Weston had a long career as an engineer in and about the railways in Australia and interestingly on the Canadian Pacific Railway. His life in pictures (all 38,325 of them) is a gift passed down to us. And something that we should be thankful for and respectful of when using them.
The only niggle that I have – and I know this is a personal issue – is that you cannot search all images of a location – without knowing some information about the image. Wildcard searches are not allowed. Apart from that though, by looking at his CV you can get an idea of where he was and therefore narrow down the search by using the year and month to reach the results that you want.
Take a look around and enjoy the images and not only of Australia but across the working world of Weston Langford.
Focused primarily on NSW railways in the years between 1986 and 1989 Dean’s work is very skilful. I showed a teaser image at the end of my post from September 09 this year of one of his 46 class electric locos. Got some nice feedback from that and having had the time to look over Dean’s other posts wanted to share his work.
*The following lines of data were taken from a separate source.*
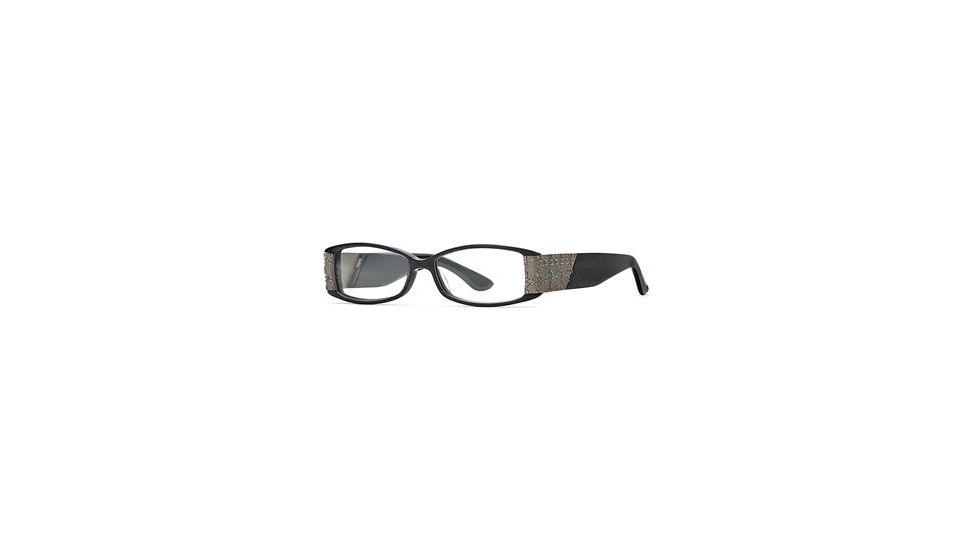 Carmen Marc Valvo CM Francesca SECM FRAN00 Bifocal Prescription Eyeglasses - Slate SECM FRAN005032 GM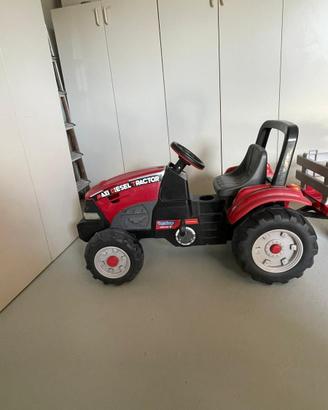 Trattorino con rimorchio Peg-Perego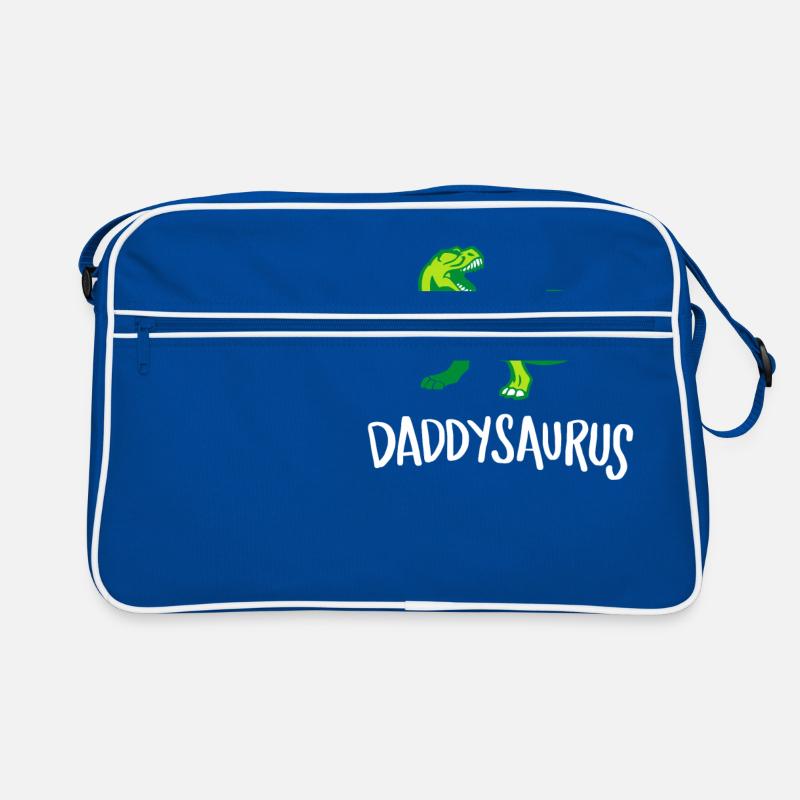 Daddysaurus, Best Dad , First Time Dad , Dad's Day Retro Tasche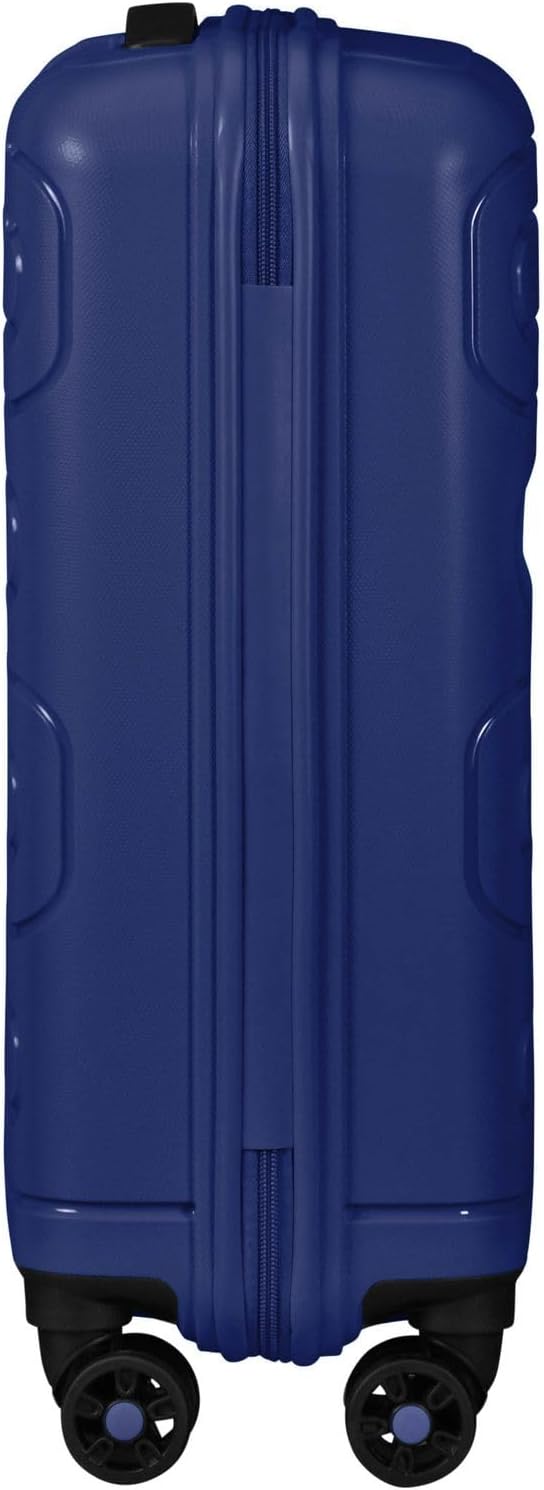 American Tourister Sunside - Spinner S Handgepäck, 55 cm, 35 L, Blau (Dark Navy) Spinner S (55 cm -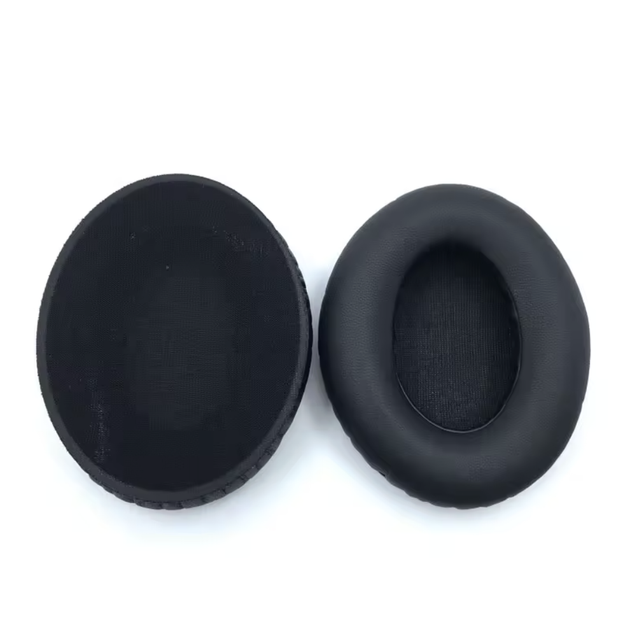 Амбушури Sennheiser HD201, HD201S, HD206, HD180, HD418, HD419, HD428, HD429, HD438, HD439, HD448, HD449 black чорні - зображення 7
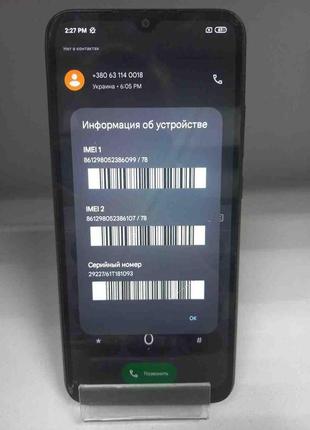 Мобильный телефон смартфон б/у xiaomi redmi 9a 2/32gb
There are not a lot of ‘instructions’ regarding his weathering technique which is a shame. However, Dean’s results speak for themselves. About the best blog post for understanding Dean’s full weathering process is from 24 October 2013 and titled ‘On Track models NHEF Hopper – weathering tips‘.
Apart from being a very good modeller and weathering artist, Dean is also a manufacturer and contract weatherer. Have a look at his Facebook page for more information and for lots of model photos of his work.
If you’ve not heard of Adrian’s site before then you are in a for a treat. This site has everything that you ever wanted to know about shunting puzzles, including the Timesaver and the Inglenook.
Of interest for those of us thinking of building a layout using the Inglenook design is the discussion on the design of operation and movement for the layout. Additionally there is the mechanics of designing and building the layout also. Very well worth the look.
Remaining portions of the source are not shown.